> [The records]
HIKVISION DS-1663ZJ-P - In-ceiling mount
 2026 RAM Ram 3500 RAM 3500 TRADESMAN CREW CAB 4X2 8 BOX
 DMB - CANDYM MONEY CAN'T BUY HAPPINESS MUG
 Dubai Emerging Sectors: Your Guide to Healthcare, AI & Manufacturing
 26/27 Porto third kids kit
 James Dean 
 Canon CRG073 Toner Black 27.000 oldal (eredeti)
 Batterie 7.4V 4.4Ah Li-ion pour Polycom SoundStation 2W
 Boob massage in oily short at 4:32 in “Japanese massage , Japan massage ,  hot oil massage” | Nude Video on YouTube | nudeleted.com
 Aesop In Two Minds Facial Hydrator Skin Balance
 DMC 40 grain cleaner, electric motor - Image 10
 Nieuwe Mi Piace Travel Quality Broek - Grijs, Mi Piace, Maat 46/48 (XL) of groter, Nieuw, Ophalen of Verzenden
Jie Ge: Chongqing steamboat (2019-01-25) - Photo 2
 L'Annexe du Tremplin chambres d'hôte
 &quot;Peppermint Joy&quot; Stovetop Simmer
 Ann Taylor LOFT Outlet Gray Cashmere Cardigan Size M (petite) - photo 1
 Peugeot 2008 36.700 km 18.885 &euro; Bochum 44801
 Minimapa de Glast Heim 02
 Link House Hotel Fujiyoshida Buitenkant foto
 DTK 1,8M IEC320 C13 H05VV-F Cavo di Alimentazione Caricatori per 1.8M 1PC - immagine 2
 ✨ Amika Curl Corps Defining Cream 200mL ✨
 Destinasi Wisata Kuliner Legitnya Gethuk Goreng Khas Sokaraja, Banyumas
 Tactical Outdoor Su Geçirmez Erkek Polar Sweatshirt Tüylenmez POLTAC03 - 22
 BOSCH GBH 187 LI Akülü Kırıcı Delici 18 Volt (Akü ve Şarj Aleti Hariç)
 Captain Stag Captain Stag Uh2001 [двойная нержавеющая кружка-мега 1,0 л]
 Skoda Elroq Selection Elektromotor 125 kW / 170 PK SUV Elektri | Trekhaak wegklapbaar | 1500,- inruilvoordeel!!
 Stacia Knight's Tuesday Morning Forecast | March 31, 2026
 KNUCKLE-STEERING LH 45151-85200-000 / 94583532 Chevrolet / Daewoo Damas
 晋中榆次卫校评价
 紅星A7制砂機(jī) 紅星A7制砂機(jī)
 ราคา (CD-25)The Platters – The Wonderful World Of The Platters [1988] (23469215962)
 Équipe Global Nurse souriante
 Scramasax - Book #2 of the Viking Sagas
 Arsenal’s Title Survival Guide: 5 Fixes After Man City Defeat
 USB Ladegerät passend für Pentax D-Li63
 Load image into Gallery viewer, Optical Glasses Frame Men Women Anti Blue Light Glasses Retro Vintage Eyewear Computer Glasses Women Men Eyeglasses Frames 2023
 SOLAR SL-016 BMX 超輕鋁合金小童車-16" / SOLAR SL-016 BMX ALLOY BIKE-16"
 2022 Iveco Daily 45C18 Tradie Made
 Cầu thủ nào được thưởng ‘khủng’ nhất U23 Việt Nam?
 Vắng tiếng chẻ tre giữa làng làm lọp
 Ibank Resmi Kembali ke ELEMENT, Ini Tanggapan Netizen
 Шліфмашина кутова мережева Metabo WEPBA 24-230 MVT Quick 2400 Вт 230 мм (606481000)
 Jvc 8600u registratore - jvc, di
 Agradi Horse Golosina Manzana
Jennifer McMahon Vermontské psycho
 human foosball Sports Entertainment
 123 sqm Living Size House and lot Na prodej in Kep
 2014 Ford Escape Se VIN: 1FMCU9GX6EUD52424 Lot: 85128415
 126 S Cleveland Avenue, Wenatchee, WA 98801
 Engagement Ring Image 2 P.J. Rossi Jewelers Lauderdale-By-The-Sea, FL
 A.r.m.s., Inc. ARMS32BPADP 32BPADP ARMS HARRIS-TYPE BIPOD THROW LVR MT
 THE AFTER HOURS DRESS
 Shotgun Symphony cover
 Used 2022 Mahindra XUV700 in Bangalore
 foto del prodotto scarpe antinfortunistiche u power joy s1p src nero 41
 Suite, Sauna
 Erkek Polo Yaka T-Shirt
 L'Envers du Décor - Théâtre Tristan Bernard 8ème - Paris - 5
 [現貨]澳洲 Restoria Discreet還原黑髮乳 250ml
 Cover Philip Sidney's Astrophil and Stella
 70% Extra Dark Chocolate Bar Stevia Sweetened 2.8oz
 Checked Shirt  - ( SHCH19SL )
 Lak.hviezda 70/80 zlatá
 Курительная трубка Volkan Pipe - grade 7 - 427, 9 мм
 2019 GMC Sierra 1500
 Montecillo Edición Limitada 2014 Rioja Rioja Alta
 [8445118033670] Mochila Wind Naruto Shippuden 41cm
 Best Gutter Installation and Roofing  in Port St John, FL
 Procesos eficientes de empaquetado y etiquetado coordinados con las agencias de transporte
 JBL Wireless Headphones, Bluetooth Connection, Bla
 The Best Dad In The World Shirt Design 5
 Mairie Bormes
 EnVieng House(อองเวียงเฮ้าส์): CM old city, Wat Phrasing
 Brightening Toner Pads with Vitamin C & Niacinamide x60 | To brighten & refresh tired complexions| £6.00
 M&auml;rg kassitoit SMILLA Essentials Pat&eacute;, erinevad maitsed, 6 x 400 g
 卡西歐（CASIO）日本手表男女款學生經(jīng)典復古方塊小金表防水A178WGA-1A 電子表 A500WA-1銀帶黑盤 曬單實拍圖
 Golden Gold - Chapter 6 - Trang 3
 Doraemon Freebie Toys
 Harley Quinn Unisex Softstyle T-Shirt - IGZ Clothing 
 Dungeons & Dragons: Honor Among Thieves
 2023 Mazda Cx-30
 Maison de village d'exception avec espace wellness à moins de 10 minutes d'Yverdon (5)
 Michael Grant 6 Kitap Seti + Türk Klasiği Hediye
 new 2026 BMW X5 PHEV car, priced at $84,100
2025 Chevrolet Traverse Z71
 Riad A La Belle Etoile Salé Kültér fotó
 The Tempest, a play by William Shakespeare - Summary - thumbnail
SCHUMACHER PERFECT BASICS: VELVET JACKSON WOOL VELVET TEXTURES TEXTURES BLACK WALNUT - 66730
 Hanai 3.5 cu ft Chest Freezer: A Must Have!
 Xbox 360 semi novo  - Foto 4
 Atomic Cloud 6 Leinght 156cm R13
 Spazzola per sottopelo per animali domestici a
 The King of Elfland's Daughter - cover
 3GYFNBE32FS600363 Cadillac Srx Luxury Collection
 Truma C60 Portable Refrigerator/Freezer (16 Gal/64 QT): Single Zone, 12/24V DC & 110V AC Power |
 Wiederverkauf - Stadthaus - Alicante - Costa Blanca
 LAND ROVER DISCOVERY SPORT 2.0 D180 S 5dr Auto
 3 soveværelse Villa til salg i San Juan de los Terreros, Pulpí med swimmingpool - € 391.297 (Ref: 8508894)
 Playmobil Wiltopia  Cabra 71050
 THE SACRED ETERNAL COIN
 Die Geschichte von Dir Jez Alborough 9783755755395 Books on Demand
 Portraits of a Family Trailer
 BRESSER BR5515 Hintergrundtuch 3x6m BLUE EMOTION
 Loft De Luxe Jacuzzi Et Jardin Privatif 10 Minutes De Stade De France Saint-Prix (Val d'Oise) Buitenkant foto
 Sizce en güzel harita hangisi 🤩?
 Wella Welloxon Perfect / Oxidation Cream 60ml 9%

> [Exercise directions] Please reproduce, exactly as they appear above, the lines from the line containing "DTK 1,8M IEC320" up to and including the line containing "USB Ladegerät passend für Pentax D-Li63".

> [Task answer]
 DTK 1,8M IEC320 C13 H05VV-F Cavo di Alimentazione Caricatori per 1.8M 1PC - immagine 2
 ✨ Amika Curl Corps Defining Cream 200mL ✨
 Destinasi Wisata Kuliner Legitnya Gethuk Goreng Khas Sokaraja, Banyumas
 Tactical Outdoor Su Geçirmez Erkek Polar Sweatshirt Tüylenmez POLTAC03 - 22
 BOSCH GBH 187 LI Akülü Kırıcı Delici 18 Volt (Akü ve Şarj Aleti Hariç)
 Captain Stag Captain Stag Uh2001 [двойная нержавеющая кружка-мега 1,0 л]
 Skoda Elroq Selection Elektromotor 125 kW / 170 PK SUV Elektri | Trekhaak wegklapbaar | 1500,- inruilvoordeel!!
 Stacia Knight's Tuesday Morning Forecast | March 31, 2026
 KNUCKLE-STEERING LH 45151-85200-000 / 94583532 Chevrolet / Daewoo Damas
 晋中榆次卫校评价
 紅星A7制砂機(jī) 紅星A7制砂機(jī)
 ราคา (CD-25)The Platters – The Wonderful World Of The Platters [1988] (23469215962)
 Équipe Global Nurse souriante
 Scramasax - Book #2 of the Viking Sagas
 Arsenal’s Title Survival Guide: 5 Fixes After Man City Defeat
 USB Ladegerät passend für Pentax D-Li63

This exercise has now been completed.